Like the UFO viz, I spent a ton of time on this one—probably at least 20 hours—but it was an incredible learning experience and represented a huge leap forward in my development.

June: Rhinos
In June, I entered my second Iron Viz competition (I actually entered all three contests, submitting 4 vizzes in total—2 in the final feeder). Since the topic was plants and animals, I decided to try my hand at a “Jonni Walker Style” visualization, creating a viz on the rhino poaching problem. The goal was that the visualization work as an infographic while also having some additional interactive components. I wanted it to be “in-your-face” and not shy away from the brutality of rhino poaching. Most importantly, I wanted it to tell a story that led to a final call-to-action.

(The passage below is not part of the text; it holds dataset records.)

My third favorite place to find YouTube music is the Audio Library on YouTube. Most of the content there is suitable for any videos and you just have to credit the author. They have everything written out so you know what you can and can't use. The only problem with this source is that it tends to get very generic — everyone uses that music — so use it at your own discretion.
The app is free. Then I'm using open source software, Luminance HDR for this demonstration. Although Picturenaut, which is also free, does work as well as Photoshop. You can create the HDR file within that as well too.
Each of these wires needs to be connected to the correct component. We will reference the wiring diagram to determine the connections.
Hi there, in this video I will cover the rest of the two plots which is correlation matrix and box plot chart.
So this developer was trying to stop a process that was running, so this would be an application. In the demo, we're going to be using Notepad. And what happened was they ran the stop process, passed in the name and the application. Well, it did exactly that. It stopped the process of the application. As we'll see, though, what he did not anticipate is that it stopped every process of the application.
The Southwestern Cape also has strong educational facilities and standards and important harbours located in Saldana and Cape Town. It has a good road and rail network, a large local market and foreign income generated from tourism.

While I’m proud of all my work this year, I’m probably most proud of this one. I poured my soul into this visualization because I really wanted to create something that could help make a difference.

July: Sacred Texts
My most popular viz this year was my analysis of word usage in sacred texts. It won Viz of the Day, then Viz of the Week, then made it into the Tableau Public Greatest Hits gallery. It’s also my most favorited viz, at 30, and my most viewed with nearly 300,000 views. And it also made it into the Information is Beautiful Awards longlist.

October: Art
In October, after being inspired by a few other data visualizations, I create some art based on the digits of Pi.

For more, see The Beauty of Pi

This was my one of my first adventures into “data art” but it led to continued exploration of the subject, resulting in some of my favorite projects, including Loom Art and Geometric Art.

For more, see Loom Art in Tableau

One thing I really loved about these two projects is that I not only created nice visualizations,  but I also shared detailed step-by-step instructions on how to create them, which led to people creating some fantastic works of data art.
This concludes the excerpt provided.